Al di là della previsione legislativa sopra illustrata è molto importante valutare, ai fini della realizzazione del reato in rassegna, quali effetti possa recare uno stato di crisi – momentanea o perdurante nel tempo – che investe l’impresa nel suo complesso.

Sul punto la contingenza economica potrebbe, in linea di principio, costituire causa di forza maggiore idonea ad escludere, ai sensi dell’articolo 45 c.p., il reato di omesso versamento dell’Iva e/o delle ritenute certificate.

In merito, la circolare n. 12, della Fondazione Centro Studi dell’Unione Giovani Dottori Commercialisti ed Esperti Contabili (UNGDC), emessa in data 2 aprile 2013, ha già approfondito il tema delle conseguenze penali riferite all’omesso versamento di ritenute certificate e dell’Iva dovuta dall’impresa.

In particolare, il citato documento ha chiarito che, perché possa escludersi la sussistenza del dolo (anche nella forma del dolo c.d. eventuale), è necessario che:

  1. risulti integrata una situazione di vera e propria insolvenza (non mera illiquidità temporanea);
  2. detta situazione abbia avuto origine in un momento anteriore o, quantomeno, concomitante alla scadenza del termine entro il quale, secondo le disposizioni tributarie, l’Iva avrebbe dovuto essere versata e sia ancora in essere alla scadenza del termine sancito dall’articolo 10-ter D.Lgs. 74/2000 (ossia il 27 dicembre di ogni anno);
  3. tale perdurante situazione di insolvenza non sia stata causata (o con-causata) dallo stesso imprenditore;
  4. la perdurante situazione di insolvenza sia stata “gestita” dall’imprenditore, dal momento in cui l’insolvenza stessa si è conclamata, sino al momento in cui è scaduto il termine di cui all’articolo 10-ter D.Lgs. 74/2000, nel rispetto delle regole civilistiche che disciplinano i pagamenti.

Solo a queste condizioni, tutte necessariamente oggetto di una complessiva allegazione, sarà possibile escludere la sussistenza del dolo da parte dell’agente, il quale non paga l’imposta non perché non vuole, né perché ha accettato il rischio del verificarsi della impossibilità di adempiere, ma perché “non può” pagare per cause realmente indipendenti dalla sua volontà.

Con riferimento alla rilevanza penale dell’omesso versamento dei tributi è recentemente intervenuta la Corte di cassazione, sezione 3^ penale, con la sentenza n. 47482 del 18.10.2018 con la quale i Supremi giudici hanno condannato un imprenditore per omesso versamento delle ritenute, anche se l’impresa versava in un evidente stato di crisi finanziaria.

La difesa dell’imputato sosteneva che avrebbe dovuto essere valutata l’insussistenza dell’elemento psicologico del reato, considerata l’impossibilità della ricorrente – per la situazione di difficoltà economica dell’impresa – di adempiere al debito d’imposta.

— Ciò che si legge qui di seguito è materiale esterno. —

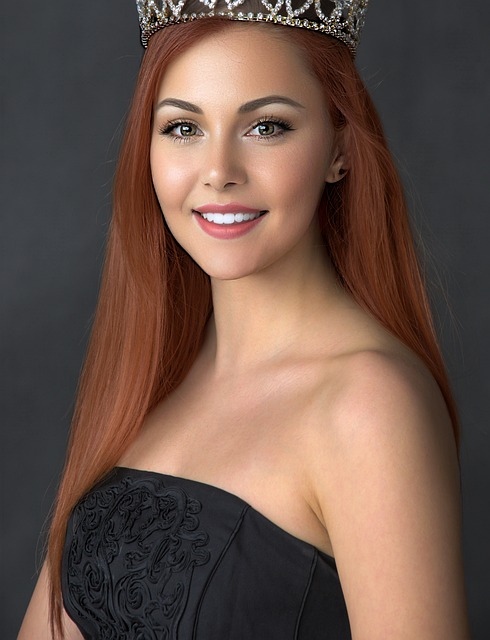 这告诉我们 这告诉我们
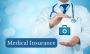 Group health insurance for employees in UAE
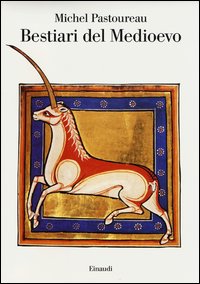 Bestiari del medioevo 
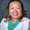 Dr. Nicole Campbell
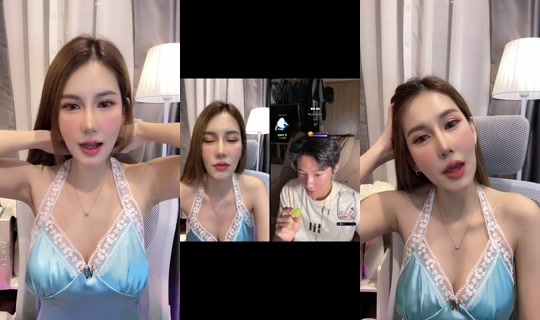 porpang.tiwa's Stream - Aug 7, 2026, 3:19 PM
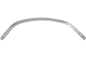 Preview: Extend™ LTR, TMA Retainer Wire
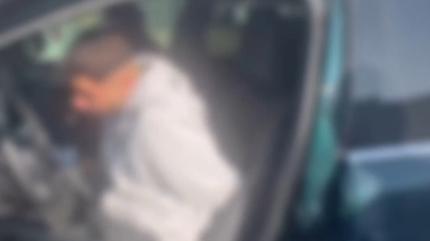 Hatay'da 8 d�zensiz g��men yakay� ele verdi: 1 zanl� tutukland�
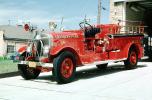 1927 Pirsch Fire Engine, Franklin Park Illinois, DAFV09P04_01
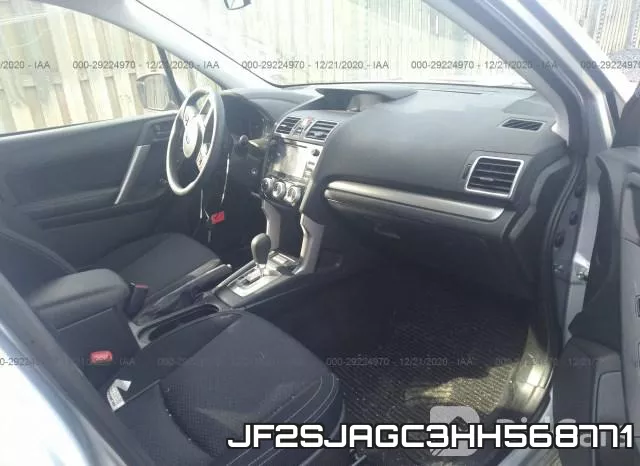 JF2SJAGC3HH568771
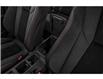 2026 Subaru WRX Sport-tech (Stk: 542518/001) in Red Deer - Image 7 of 10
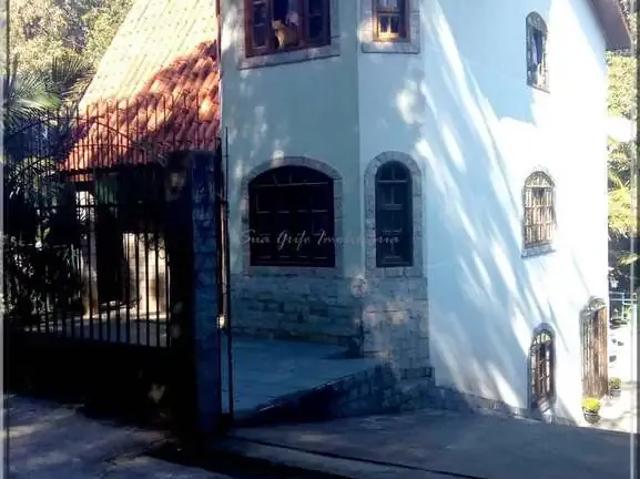 Casa venda em Cachoeira, Curitiba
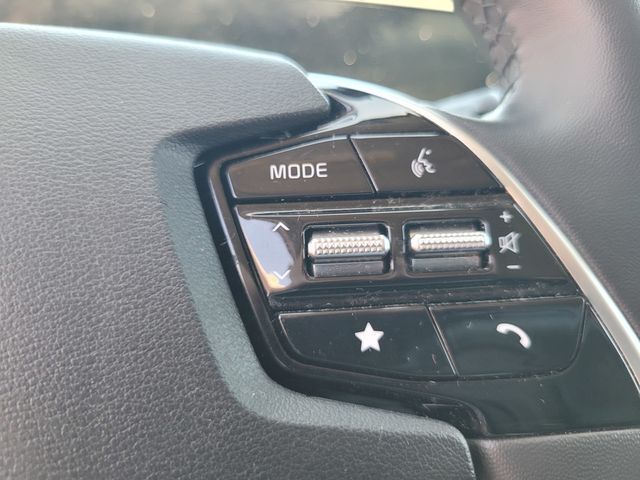2025 Kia Niro Plug-In Hybrid EX Folsom CA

Doveva quindi essere esclusa, secondo la tesi sostenuta dalla difesa di parte, la penale responsabilità del reo per forza maggiore o mancanza di dolo.

Infatti, la parte ricorrente aveva fatto tutto il possibile per versare la somma dovuta:

  • ottenendo un mutuo ipotecario utilizzato per fronteggiare la crisi di liquidità;
  • attivando diverse procedure di rateizzazione del debito fiscale, onorando i pagamenti convenuti, essendo poi stata costretta al ridimensionamento dell’impresa stante l’impossibilità di risollevarne le sorti.

Sul punto la suprema Corte di cassazione ha richiamato il consolidato principio in base a quale, in tema di reati fiscali omissivi, l’inadempimento della obbligazione tributaria può essere attribuito a forza maggiore solo quando derivi da fatti non imputabili all’imprenditore che non abbia potuto tempestivamente porvi rimedio per cause indipendenti dalla sua volontà e che sfuggono al suo dominio finalistico.

A parere degli ermellini la forza maggiore postula l’individuazione di un fatto imponderabile, imprevisto ed imprevedibile, che esula del tutto dalla condotta dell’agente, così da rendere ineluttabile il verificarsi dell’evento”, non potendo ricollegarsi in alcun modo ad un’azione od omissione cosciente e volontaria dell’agente.

In merito, la giurisprudenza di legittimità:

  • ha sempre escluso che le difficoltà economiche in cui versa il soggetto agente possano integrare la forza maggiore penalmente rilevante;
  • nei reati omissivi, integra la causa di forza maggiore l’assoluta impossibilità e non la semplice difficoltà di porre in essere il comportamento omesso.

Nel caso di specie, concludono gli ermellini, “al momento della commissione dei fatti per cui è intervenuta condanna (agosto 2010 e agosto 2011), la crisi d’impresa e di liquidità si trascinava già da tempo e la ricorrente… ha sostanzialmente scelto di destinare le risorse disponibili non già per il pagamento delle ritenute certificate (onorate soltanto in parte e rimaste inadempiute per ben tre anni consecutivi e per significativi importi) – ma per continuare a gestire l’azienda, pagando dipendenti e fornitori. In tal modo… la ricorrente ha continuato per anni ad operare con la sua società, nonostante la evidente mancanza di liquidità, sostanzialmente “finanziandosi” con le somme incamerate a titolo di sostituto d’imposta, sicché non può in alcun modo parlarsi di fatti commessi per forza maggiore”.